Одевались проститутки в соответствии с регламентом, в обязательном порядке вывешивавшимся в домах терпимости: в отличие от порядочных женщин они не могли носить платья со шлейфами и туфли на высоком каблуке, но надевали короткие плащи красного цвета, накинутые на плечи. Они не имели права выходить из дома в сопровождении пажа и подкладывать под колени в церкви подушечку. «Отец» нес перед муниципальными властями ответственность за порядок и нормальное функционирование своего заведения, вход в которое был запрещен всем мужчинам со шпагами или кинжалами. Тарифы определялись в зависимости от достоинств и очарования девиц, а также от условий их работы: например, регламент для домов терпимости Арагона содержал следующее уточнение: на кровати — полреала, в кровати — один реал…{251}
Официальные власти следили также за нравственным здоровьем проституток: им запрещалось заниматься своей профессией во время Святой недели. Кроме того, во время Поста им в обязательном порядке предписывалось покаяние: их отводили в церковь, где проповедник давал им наставления на тему о Магдалине, после чего он спускался с кафедры и показывал им на распятие со словами: «Поглядите на Господа — поцелуйте его». Если кто-то из них так и поступал, то их отправляли в монастырь для раскаявшихся девиц, но большинство отворачивалось, чтобы вернуться к своей «работе».

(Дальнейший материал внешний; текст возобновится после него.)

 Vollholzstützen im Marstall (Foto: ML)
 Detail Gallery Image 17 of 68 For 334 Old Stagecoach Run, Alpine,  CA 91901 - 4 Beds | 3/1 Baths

Каждый город, даже самый незначительный, имея по меньшей мере один публичный дом (puterias). Некоторые из этих заведений имели особую репутацию, например дом терпимости в Валенсии. «В Валенсии, — писал Бартелеми Жоли, — как и во всех городах Испании, имеется место, где девицы доставляют удовольствие каждому желающему, но только особенно изысканное, большое и знаменитое, занимающее целый квартал города, где подобного рода промыслом занимаются совершенно беспрепятственно и женщины этой профессии предлагаются по очень низкой цене при крайней дороговизне на все товары».{252} Этот квартал состоял из небольших домиков, каждый из которых был окружен садиком и принадлежал «отцу» или «матери», которые размещали в них проституток. В Севилье тоже был подобный квартал, Райский уголок, дома в котором частично принадлежали муниципалитету, а остальные частным лицам, зачастую городской знати, которые назначали «отцов», отвечавших за управление ими. Эти заведения, если верить современникам, как испанцам, так и иностранцам, пользовались немалым успехом. Энрике Кок, «папский нотариус и лучник королевской гвардии» при Филиппе II, заявлял, что «публичные дома (puteria) настолько обычное явление в Испании, что многие, приехав в город, отправляются сначала туда, а уж потом в церковь».{253} Другой автор говорил о таком наплыве бедного люда в публичных домах категории mancebias в городах Арагона, что «у входа дерутся за свою очередь, как это обычно бывает на аудиенции у правителя или судьи…».{254}
Но проституция распространялась и за пределы специально отведенных кварталов, так что в испанском языке сложилась целая иерархия названий жриц любви — от проституток, поджидавших клиентов на углу улицы (ramera, cantonera), до dama de achaque, выдававшей себя за добропорядочную представительницу буржуазии, и даже tusona («дамы руна» — название, содержавшее намек на орден Золотого руна, самый блестящий из рыцарских орденов), изображавшей из себя знатную даму, которая, чтобы казаться более «представительной» и набить цену за свои услуги, выходила в сопровождении дуэньи или сутенера, игравшего роль услужливого кавалера. Героинями некоторых плутовских романов стали эти авантюристки, например «Хустина-плутовка» и «Елена, дочка Селестины», элегантную походку и неотразимое обаяние которых описал Салас Барбадильо: «Какая женщина, друзья мои! Если бы вы видели, как она выходит, показав лишь уголок глаза, в плаще из севильского сукна, длинном платье с длинными рукавами, в туфлях на высоком каблуке, шагая степенно уверенной походкой, — не знаю, кто из вас довольно целомудрен, чтобы не последовать за ней, если не ногами, то хотя бы взглядом, в тот краткий миг, когда она пересекала улицу».{255}
* * *
Как и любая другая «среда», плутовской мир владел своим особым языком, «жаргоном братьев» (jerga de germania), использование которого служило знаком признания среди обитателей социального дна, поскольку, как отмечал прокурор Шав в своем описании севильской тюрьмы, «среди них считалось зазорным называть вещи своими обычными именами». Жаргон отличался любовью к антифразам (таверна становилась «эрмитажем») и метафорам, которые маскировали страшные реалии жизни и смерти: скамья для пыток называлась «исповедальней», где рекомендовалось не «петь», даже если молчание грозило вам «женитьбой на вдове» (казнью через повешение) и вело вас к finibus terrae (земному концу).